Example: Nullability in a left_join

Consider a left_join between Person and Relationship tables. If a person has no corresponding relationship, the columns from Relationship will be NULL.

struct PersonWithOptionalRelationship {
    uint32_t id;
    std::string first_name;
    std::optional<uint32_t> child_id;
};

const auto get_people_with_optional_relationship =
    select_from<Person, "t1">(
        "id"_t1 | as<"id">,
        "first_name"_t1 | as<"first_name">,
        "child_id"_t2 | as<"child_id">
    ) |
    left_join<Relationship, "t2">("id"_t1 == "parent_id"_t2) |
    to<std::vector<PersonWithOptionalRelationship>>;

In this example, child_id is selected from the right table (Relationship) of a left_join. Therefore, its type in the result struct PersonWithOptionalRelationship must be std::optional<uint32_t> to handle cases where no matching relationship is found.
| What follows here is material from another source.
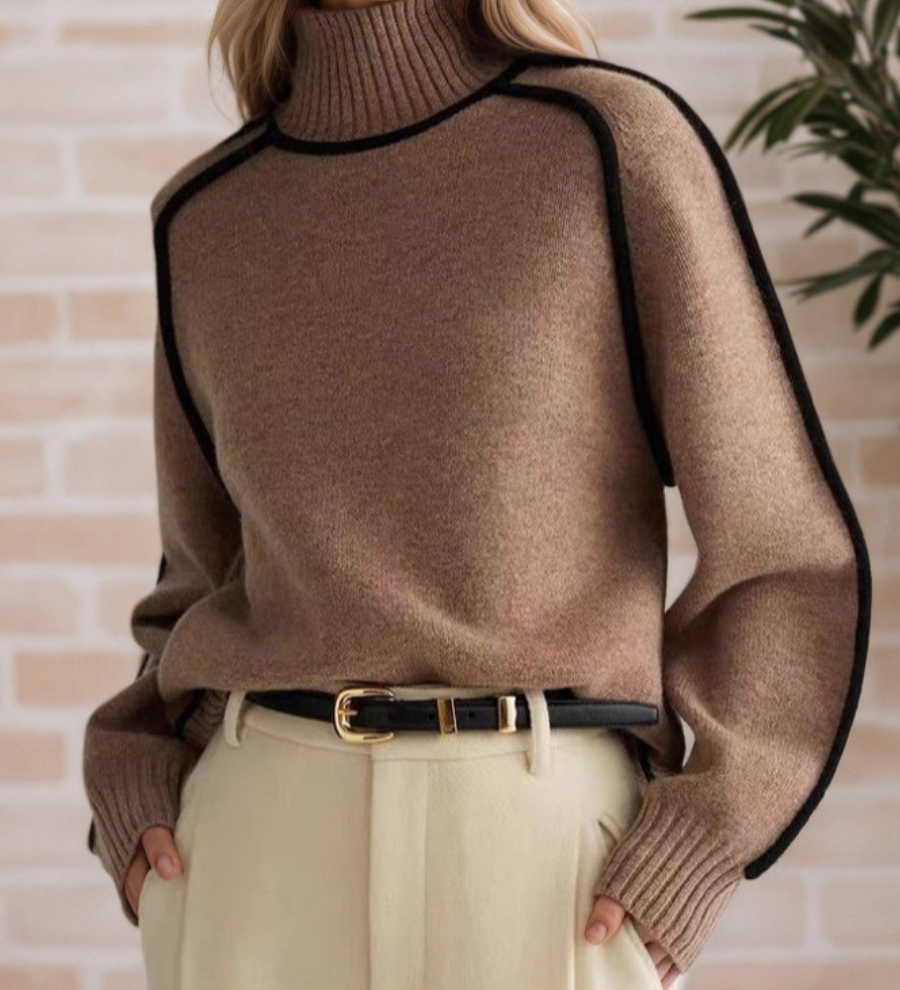 Donna | Pulôver Elegante com Gola Alta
Nullability in Multi-Table Joins

Nullability propagates through chained joins. If a table becomes nullable due to an outer join, any subsequent joins that use columns from that table will also treat them as nullable.
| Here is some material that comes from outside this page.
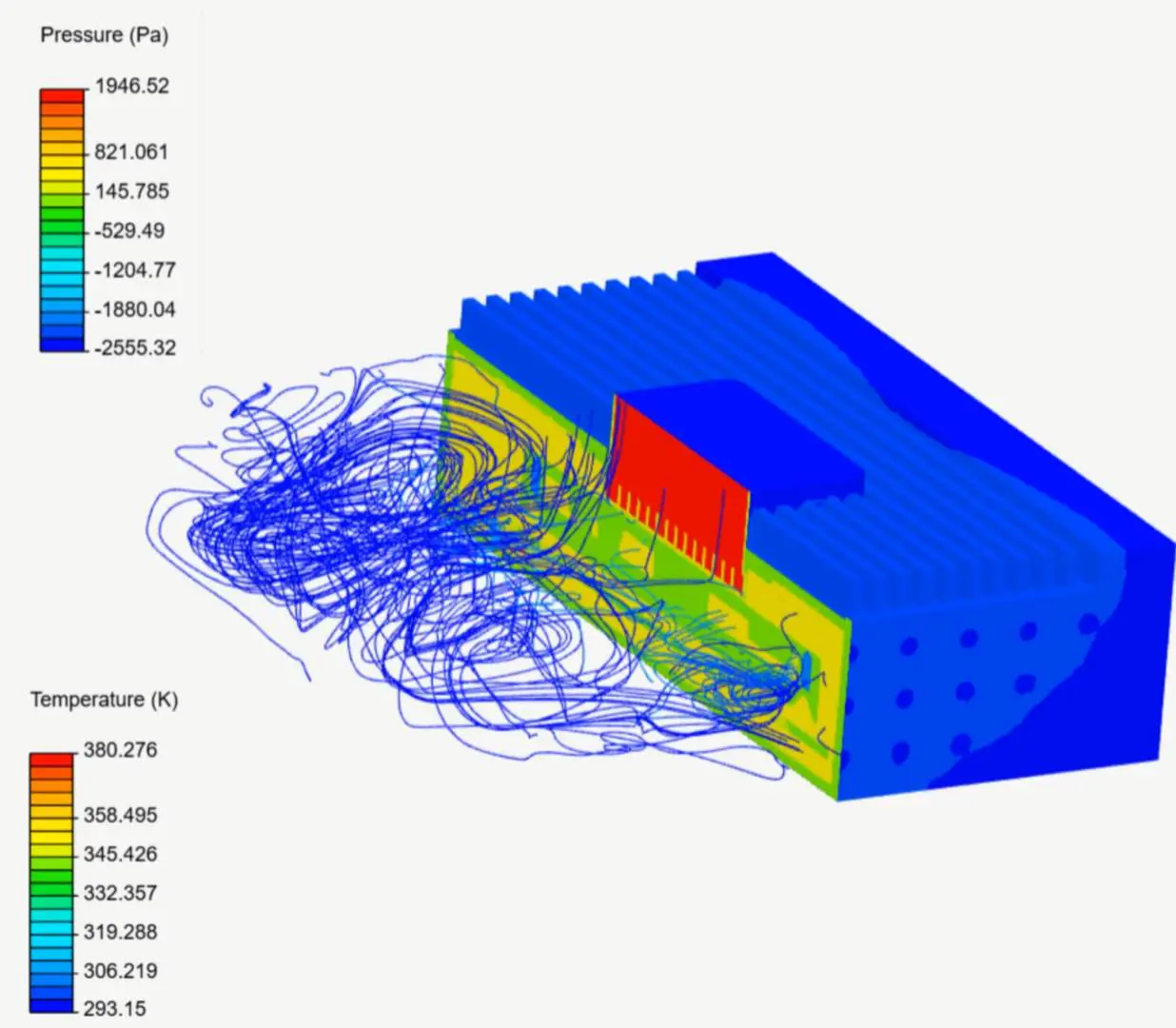 Computational fluid dynamics model showing pressure, temperature, and airflow around industrial equipment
For example, consider a query that joins Person to Relationship (left join) and then Relationship to a hypothetical Pet table (left join).

struct PersonWithPets {
    uint32_t person_id;
    std::optional<uint32_t> child_id;
    std::optional<std::string> pet_name;
};

// Assume Pet table has { id, name, owner_id }
const auto get_people_with_pets =
    select_from<Person, "t1">(
        "id"_t1 | as<"person_id">,
        "child_id"_t2 | as<"child_id">,
        "name"_t3 | as<"pet_name">
    ) |
    left_join<Relationship, "t2">("id"_t1 == "parent_id"_t2) |
    left_join<Pet, "t3">("child_id"_t2 == "owner_id"_t3) | // Joining on a nullable-prone column
    to<std::vector<PersonWithPets>>;

In this query:

1. The first left_join makes columns from Relationship (t2) nullable. So, child_id becomes std::optional<uint32_t>.
2. The second left_join joins Pet (t3). Since t3 is on the right side of a left_join, its columns (like pet_name) also become nullable, resulting in std::optional<std::string>.

If an inner_join were used for the second join (Pet), pet_name would still be std::optional<std::string> if the Pet table itself has a nullable name column. However, the join logic itself wouldn't introduce nullability for the Pet table's columns. The key principle is that the nullability of a column in the final result depends on both its original type and the types of joins applied to its table.

Notes

• Joins can be chained and nested arbitrarily
• Aliases are required for all joined tables and subqueries
• Join conditions must use the correct aliases for columns
• You can join on subqueries, enabling powerful query composition
• Joins can be combined with group_by, order_by, and aggregation functions
• The result type must match the structure of your select statement, with field names matching the aliases used in the query

Example: Full Nested Join Query

struct ParentAndChild {
    std::string last_name;
    std::string first_name_child;
    double avg_parent_age_at_birth;
};

const auto get_children =
    select_from<Relationship, "t1">("parent_id"_t1 | as<"id">,
                                    "first_name"_t2 | as<"first_name">,
                                    "age"_t2 | as<"age">) |
    inner_join<Person, "t2">("id"_t2 == "child_id"_t1);

const auto get_people =
    select_from<Person, "t1">(
        "last_name"_t1 | as<"last_name">,
        "first_name"_t2 | as<"first_name_child">,
        avg("age"_t1 - "age"_t2) | as<"avg_parent_age_at_birth">
    ) |
    inner_join<"t2">(get_children, "id"_t1 == "id"_t2) |
    group_by("last_name"_t1, "first_name"_t2) |
    order_by("first_name"_t2) |
    to<std::vector<ParentAndChild>>;

This query joins a table to a subquery, groups by two columns, and computes an aggregate over the join.